Mısır’da yetişen alim ve Evliyadan İbni Vefa hazretleri "rahmetullahi aleyh", bir gün sevdikleriyle sohbet ederken;
- Kardeşlerim, Allahü teâlâyı ve Allah adamlarını çok seviniz, buyurdu. Gönlünde bu sevgiyi taşıyanlar, dünyadan soğur, ahirete yönelirler. Dünya ile ahiret birbirinin tersidir. Dünyayı seven, ahiretten uzaklaşır. Dünyadan soğuyan da ahirete yaklaşır.
Sordular:
- Efendim, burada “dünya”dan maksat nedir efendim?
Buyurdu ki:
- Dünya, insanı Allahü teâlâdan uzaklaştıran şeylerdir ki, “haram” ve “günahlar”dır, buyurdu.
İslamiyet, ilim dinidir
Ve şöyle devam etti:
- İslamiyet ilim dinidir kardeşlerim. Dinini bilmeyen kimse, şeytanın oyuncağı olur. İslamiyet’ten kıl kadar ayrılan bir kişide bir harikulade hâl görürseniz, hiç kıymet vermeyin. Zira bu hâl, keramet olamaz. Olsa olsa şeytanın aldatmasıdır.
Sordular:
- Asıl keramet nedir öyleyse efendim?
- İstikamet, kerametten üstündür. “İstikamet”, İslamiyet’e tam uymak ve bunda kararlı olup ölünceye kadar hiç taviz vermemektir.
Korkmamız lazım
Bir gün de, bazı sevdiklerine;
- Çok korkmamız lazım, buyurdu.
Sordular:
- Neden korkacağız efendim?
- Küfran-ı nimetten, buyurdu. Küfran-ı nimet, nimetin kıymetini bilmeyip, nankörlük etmektir.

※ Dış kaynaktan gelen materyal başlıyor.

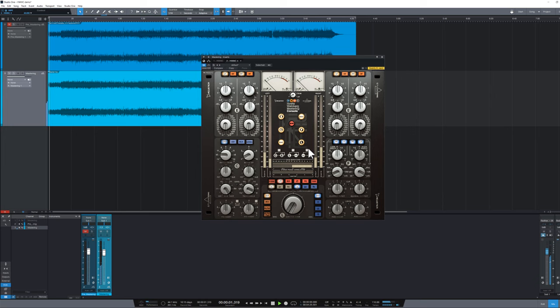Today we'll talk about Howie Weinberg Mastering Console, the mastering plugin born in collaboration with Howie Weinberg himself, the multi-Grammy winning mastering engineer.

Allahü teâlâ Kur’an-ı kerimde mealen; “Eğer verdiğim nimetin kıymetini bilmezseniz, elinizden alır ve acı azab ederim” buyuruyor.
Ve devam etti:
- En büyük nimet, doğru imandır. “Ehl-i sünnet” üzere bir iman yani. Allahü teâlânın bize ihsan ettiği bu “Doğru iman” nimetinin kıymetini bilmez, şükrünü yapmaz, bu nimetin hakkını veremezsek, Cenâb-ı Hak alır elimizden.
Sordular:
- Bu nimetin hakkı nasıl verilir ki efendim?
- Birbirimizi sevmekle. Din kardeşlerimizi çok seversek, bu nimetin şükrünü eda etmiş oluruz.